Directions for this task: Would you return the records below character for character, without any images?
/---
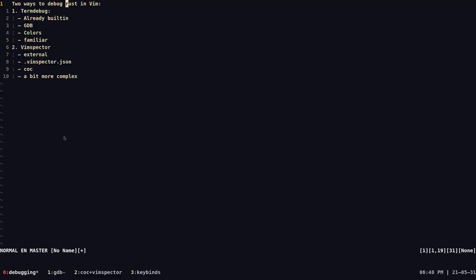Hello everyone. I decided to make this very short video because I know that there are a lot of people in the Rust community, myself included, who use Vim slash NeoVim to write Rust code.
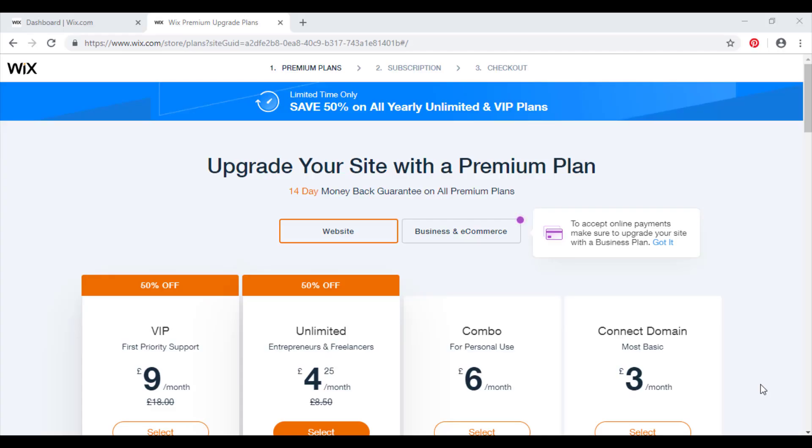Hello and welcome to another Wix tutorial by Profile Tree. Today we're going to be talking about which plan you should choose when upgrading your website. The first thing you need to know is if you're making an e-commerce website, you need to be on business and e-commerce, or else you will not be able to accept online payments on your store, which is quite important.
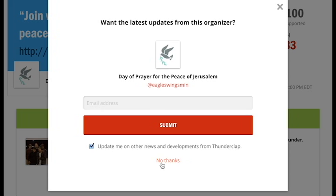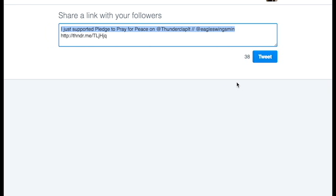After this step, you're going to click OK to authorize the Thunderclap share on September 21st. Then click to share this with others and let them know that you have joined.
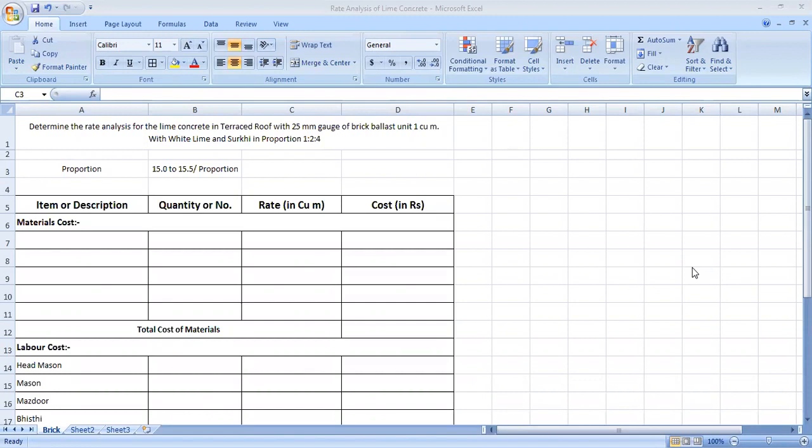Today's numerical, we are doing lime concreting. The difference is that the lime concrete is doing on the terrace roof, so that it will work for us as a waterproofing.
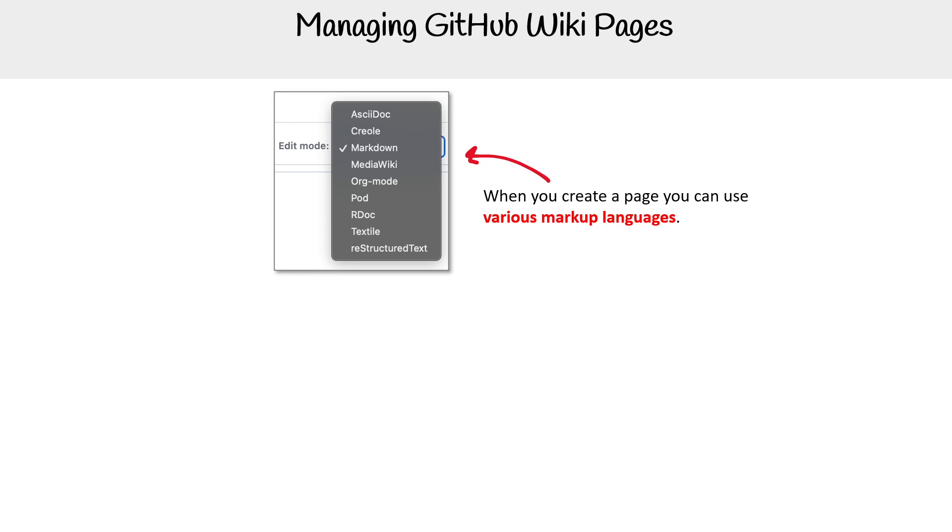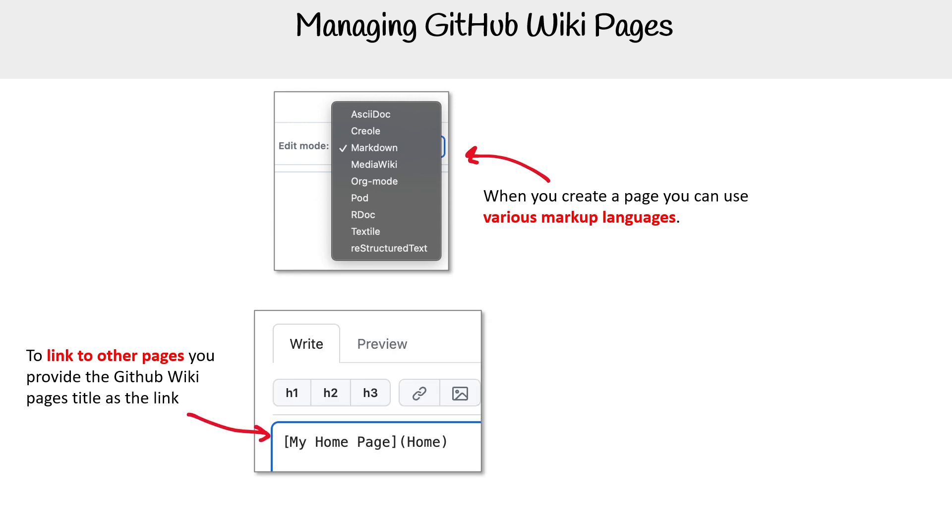of different kinds of templating languages. To link to other pages, you provide the GitHub wiki page title as the link.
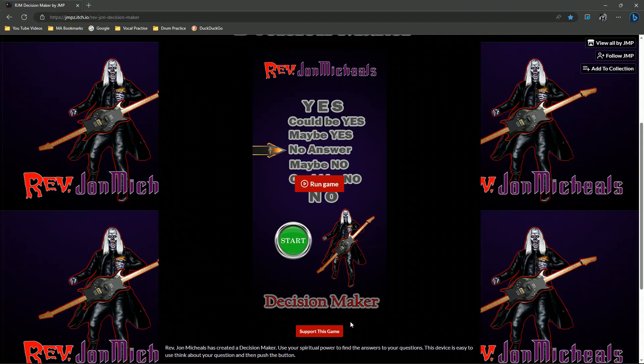Of course, I have a support option for this game if you want. If you want to support me, that's great. But you don't have to pay anything — it's free.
\---
Answer area:
Hello everyone. I decided to make this very short video because I know that there are a lot of people in the Rust community, myself included, who use Vim slash NeoVim to write Rust code.
Hello and welcome to another Wix tutorial by Profile Tree. Today we're going to be talking about which plan you should choose when upgrading your website. The first thing you need to know is if you're making an e-commerce website, you need to be on business and e-commerce, or else you will not be able to accept online payments on your store, which is quite important.
After this step, you're going to click OK to authorize the Thunderclap share on September 21st. Then click to share this with others and let them know that you have joined.
Today's numerical, we are doing lime concreting. The difference is that the lime concrete is doing on the terrace roof, so that it will work for us as a waterproofing.
of different kinds of templating languages. To link to other pages, you provide the GitHub wiki page title as the link.
Of course, I have a support option for this game if you want. If you want to support me, that's great. But you don't have to pay anything — it's free.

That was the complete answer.